• What the exercise asks:
Each record below needs to be reproduced precisely, though not its pictures.
=== Begin Enclosure ===
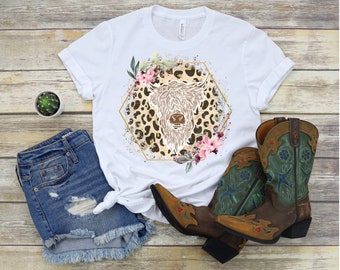Puede incluir: Camiseta blanca con un gráfico de una cabeza de vaca de las tierras altas con acentos florales sobre un fondo de estampado de leopardo. El gráfico está dentro de un marco hexagonal dorado.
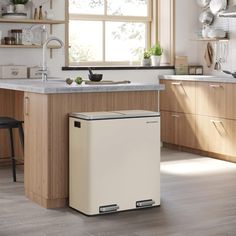 a white refrigerator sitting inside of a kitchen next to a window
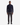 A man stands facing forward against a plain white background, wearing the PROJEK RAW SHAKER RIB MOCK NECK 1/4″ ZIP SWEATER in navy, which features a subtle textured shaker knit. He pairs it with dark gray pants and black shoes.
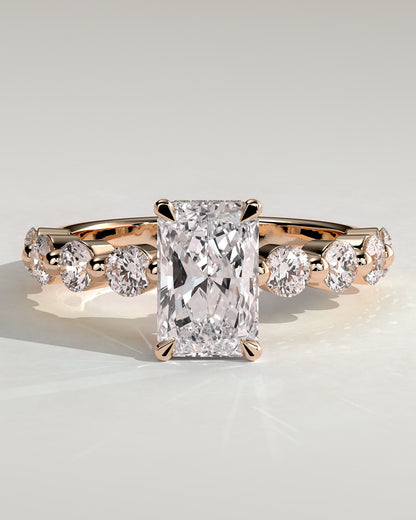 Josephine - Radiant Claw Solitaire with Round Accent Stones and Wrap Around Hidden Halo Engagement Ring - Rose Gold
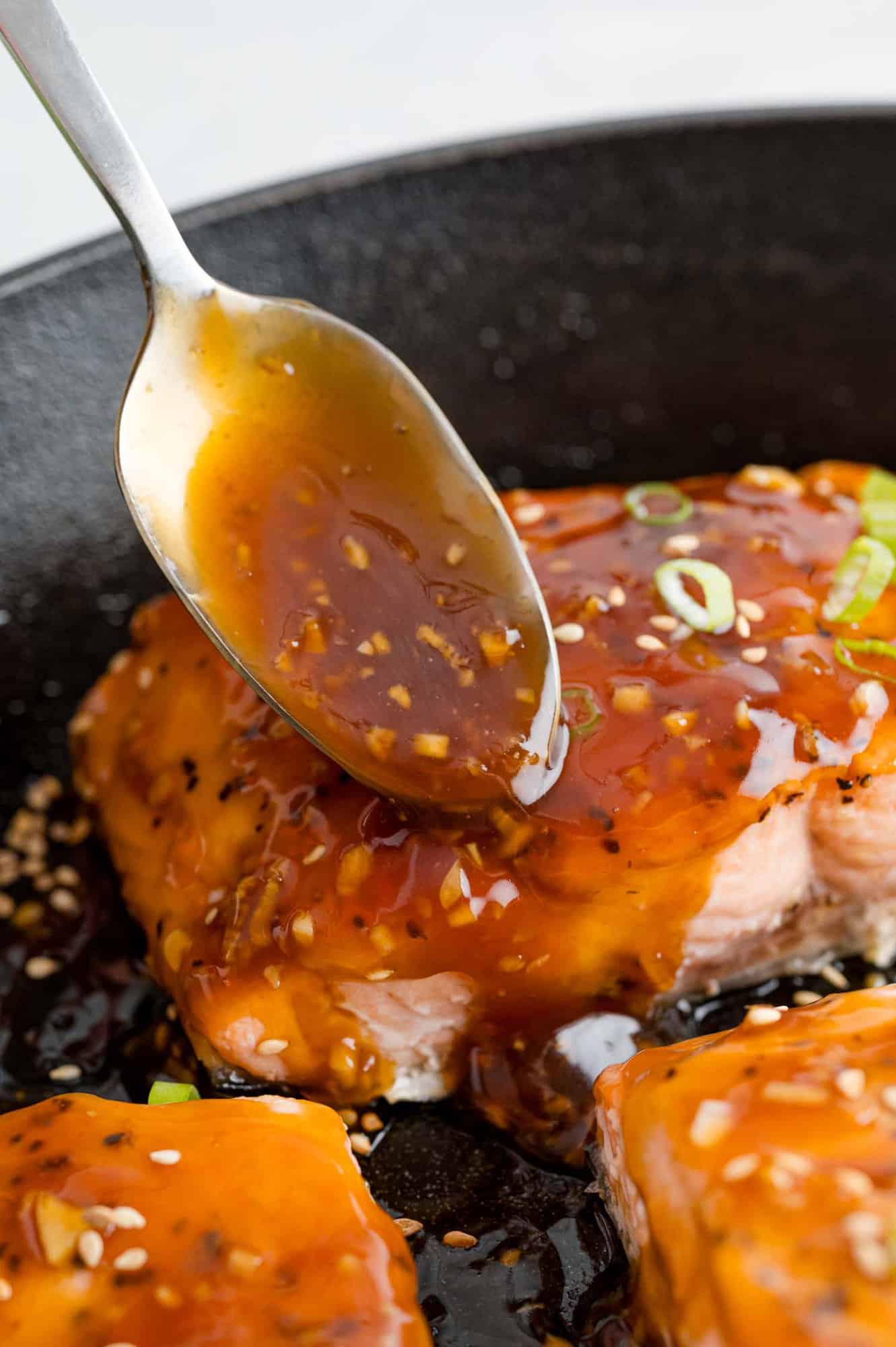 Teriyaki sauce being spooned onto salmon fillet.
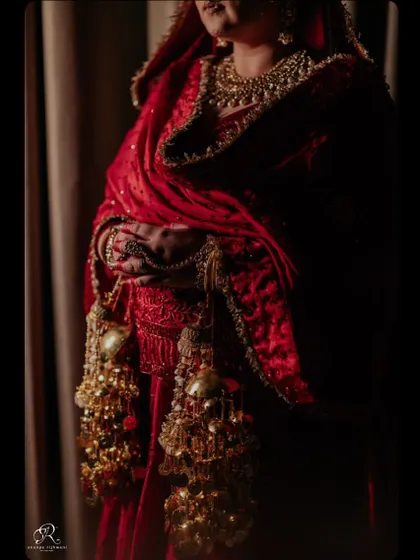 A close-up detail shot focusing on the bride's hands and the traditional kaleerey.
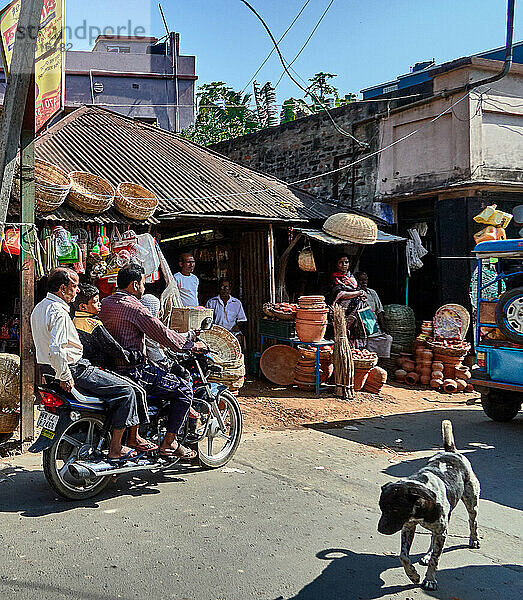 Kalna  Westbengalen  Indien. Typische Atmosphäre im Zentrum mit seinen Ständen entlang der Straße. Händler von Körben  verschiedene Töpfereien und Verkehr auf der Straße.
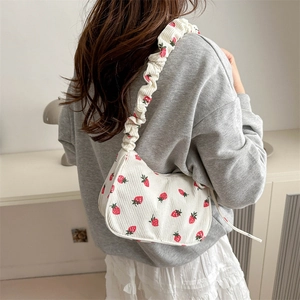 White corduroy strawberry print underarm bag with a stylish ruched scrunchie shoulder strap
=== End Enclosure ===
• Problem solution:
Puede incluir: Camiseta blanca con un gráfico de una cabeza de vaca de las tierras altas con acentos florales sobre un fondo de estampado de leopardo. El gráfico está dentro de un marco hexagonal dorado.
 a white refrigerator sitting inside of a kitchen next to a window
 A man stands facing forward against a plain white background, wearing the PROJEK RAW SHAKER RIB MOCK NECK 1/4″ ZIP SWEATER in navy, which features a subtle textured shaker knit. He pairs it with dark gray pants and black shoes.
 Josephine - Radiant Claw Solitaire with Round Accent Stones and Wrap Around Hidden Halo Engagement Ring - Rose Gold
 Teriyaki sauce being spooned onto salmon fillet.
 A close-up detail shot focusing on the bride's hands and the traditional kaleerey.
 Kalna  Westbengalen  Indien. Typische Atmosphäre im Zentrum mit seinen Ständen entlang der Straße. Händler von Körben  verschiedene Töpfereien und Verkehr auf der Straße.
 White corduroy strawberry print underarm bag with a stylish ruched scrunchie shoulder strap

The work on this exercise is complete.